## Data to examine

"""

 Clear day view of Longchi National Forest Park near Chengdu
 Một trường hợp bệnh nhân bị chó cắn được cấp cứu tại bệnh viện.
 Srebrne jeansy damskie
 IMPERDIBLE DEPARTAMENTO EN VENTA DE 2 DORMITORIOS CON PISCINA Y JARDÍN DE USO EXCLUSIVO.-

"""
"""

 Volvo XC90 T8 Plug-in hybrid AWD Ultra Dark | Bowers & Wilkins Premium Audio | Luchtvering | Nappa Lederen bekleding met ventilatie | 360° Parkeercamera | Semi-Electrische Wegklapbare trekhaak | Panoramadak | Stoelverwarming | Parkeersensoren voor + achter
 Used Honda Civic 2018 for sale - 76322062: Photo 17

"""
"""

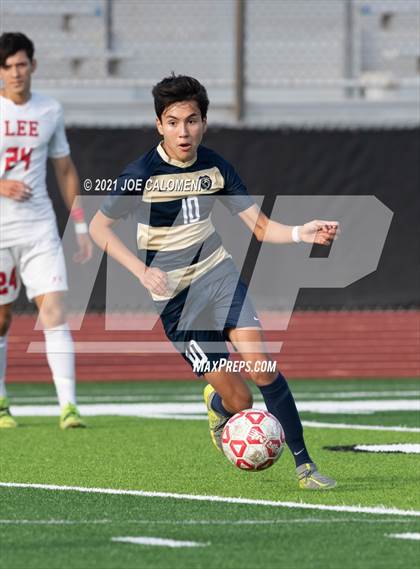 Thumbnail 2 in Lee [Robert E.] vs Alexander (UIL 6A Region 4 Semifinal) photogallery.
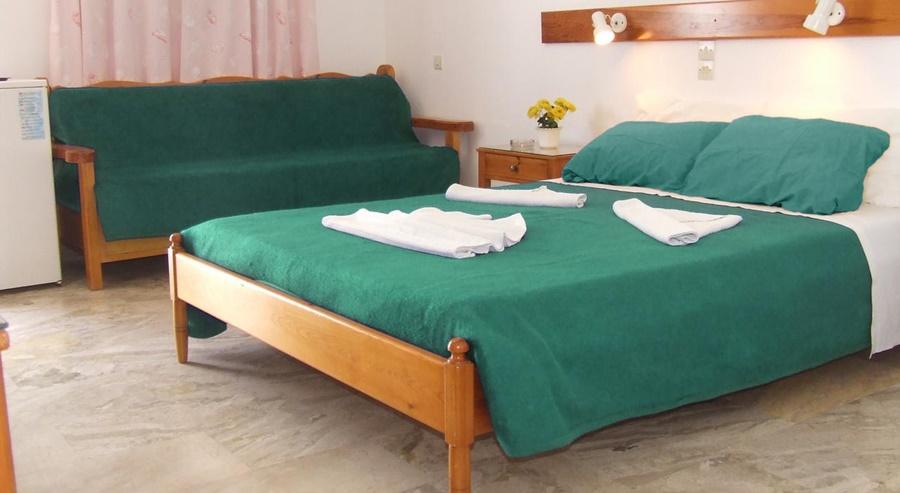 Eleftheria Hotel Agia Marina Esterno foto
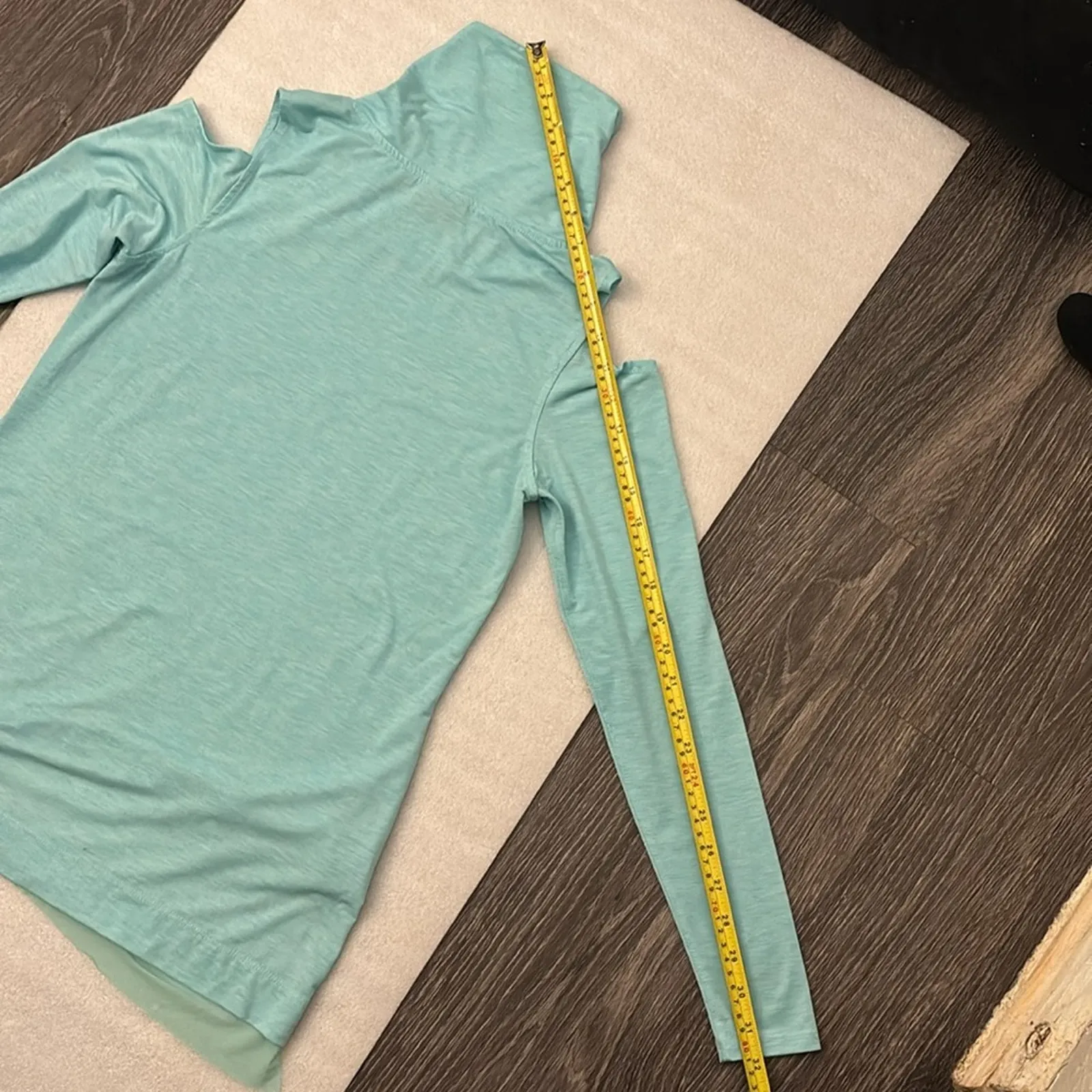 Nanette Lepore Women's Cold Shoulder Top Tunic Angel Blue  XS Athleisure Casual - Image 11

"""

## Task item
Looking back over the data above, restate word for word the lines that begin at the line with "Clear day view" and end at the line with "IMPERDIBLE DEPARTAMENTO EN", inclusive.

## Your solution
 Clear day view of Longchi National Forest Park near Chengdu
 Một trường hợp bệnh nhân bị chó cắn được cấp cứu tại bệnh viện.
 Srebrne jeansy damskie
 IMPERDIBLE DEPARTAMENTO EN VENTA DE 2 DORMITORIOS CON PISCINA Y JARDÍN DE USO EXCLUSIVO.-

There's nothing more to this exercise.